Return all the data verbatim but without images.

Information shown Block Start

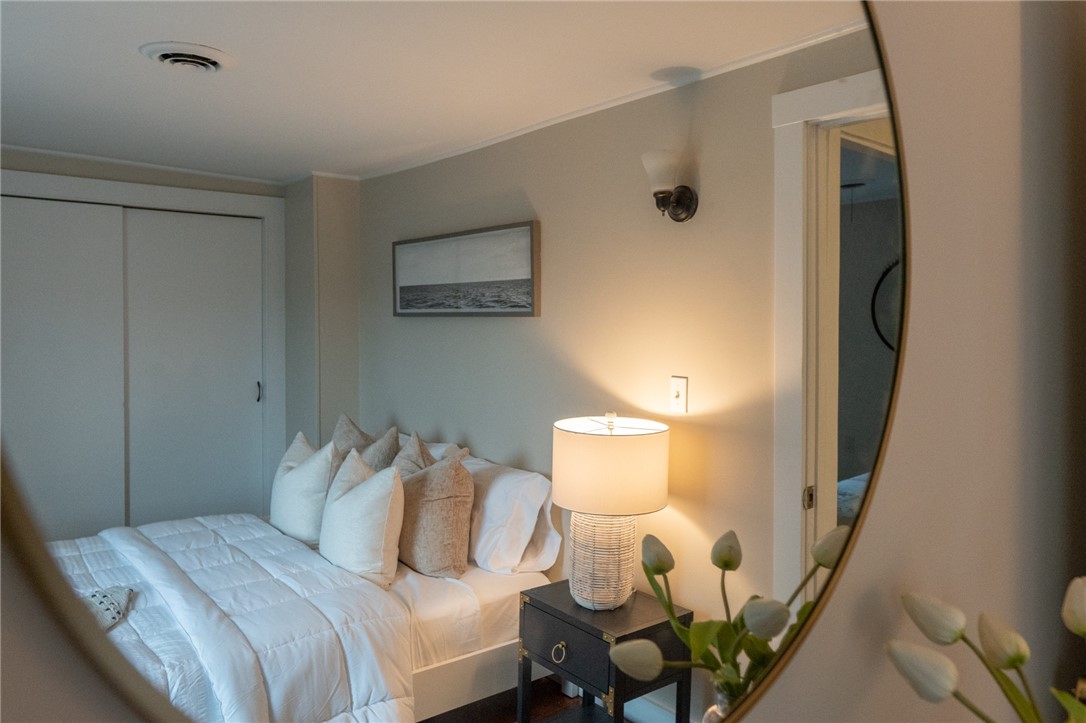 17 Mcallister Street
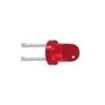 WP36BID Standard LEDs - Through Hole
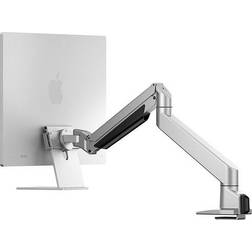 Multibrackets iMac 24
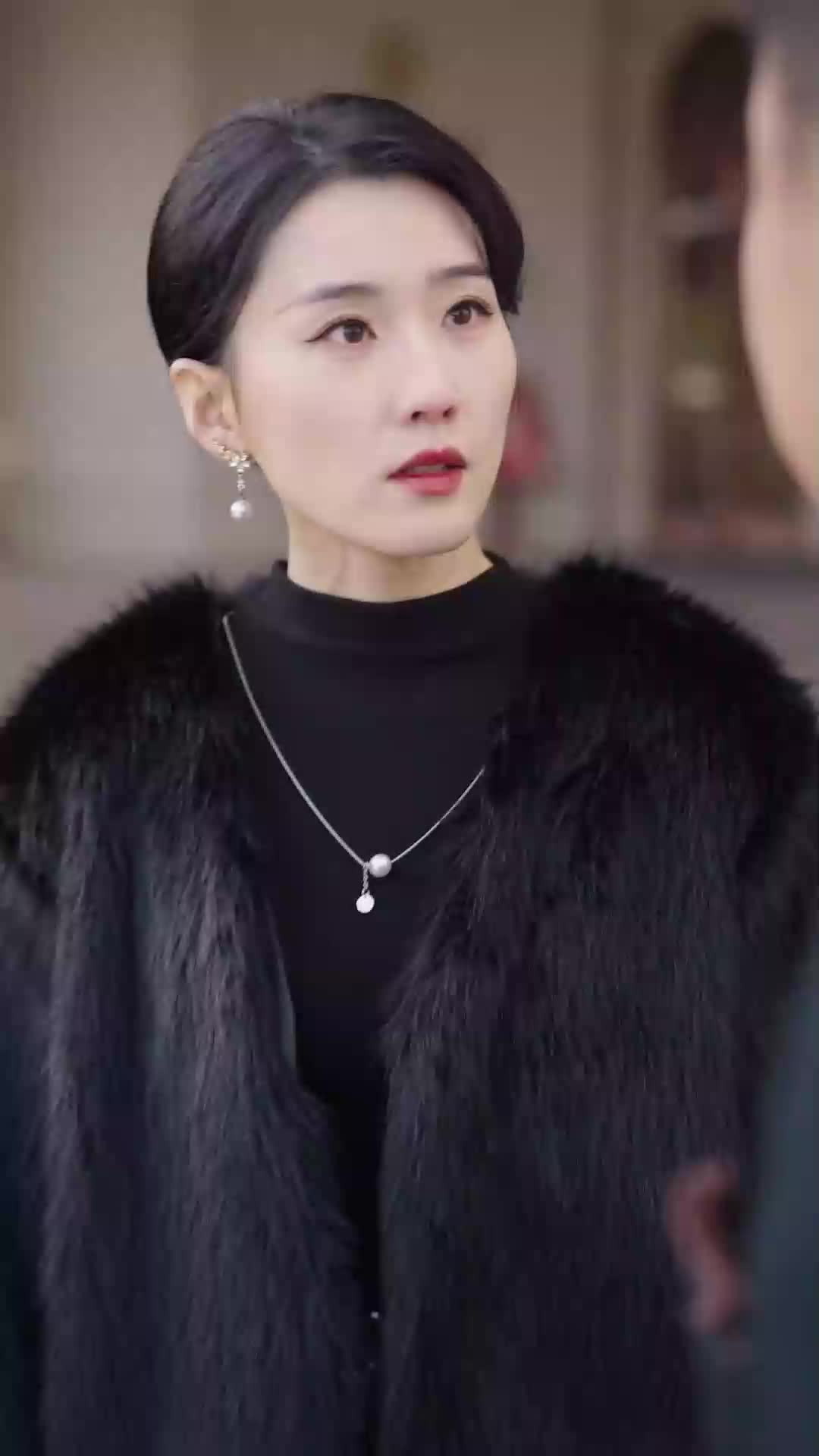 Rahasia di Balik Seporsi Pangsit EP.16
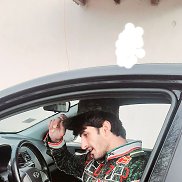 �����, 28 ���, �������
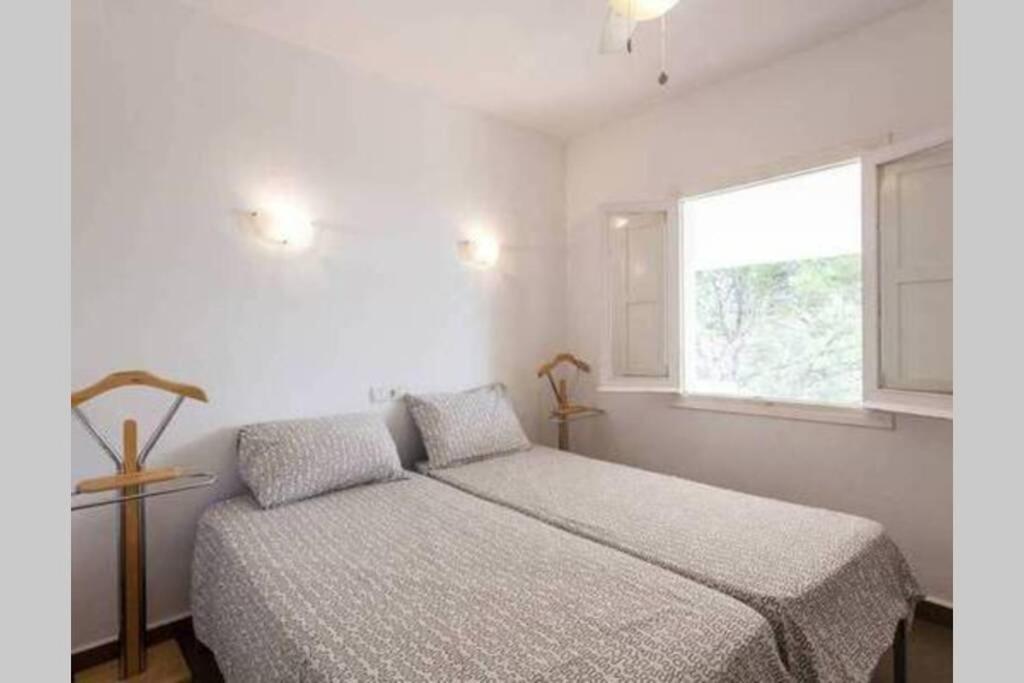 Villa Santorini Costa Blanca La Nucía المظهر الخارجي الصورة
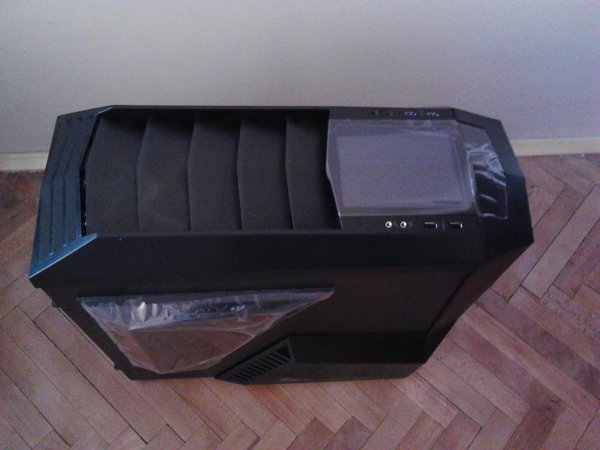 IMG_20120928_080554.jpg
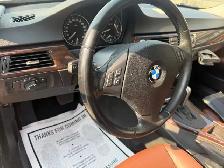 2007 BMW 3 Series - Photo 15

Information shown Block End

▶ Exercise solution:
 17 Mcallister Street
 WP36BID Standard LEDs - Through Hole
 Multibrackets iMac 24
 Rahasia di Balik Seporsi Pangsit EP.16
 �����, 28 ���, �������
 Villa Santorini Costa Blanca La Nucía المظهر الخارجي الصورة
 IMG_20120928_080554.jpg
 2007 BMW 3 Series - Photo 15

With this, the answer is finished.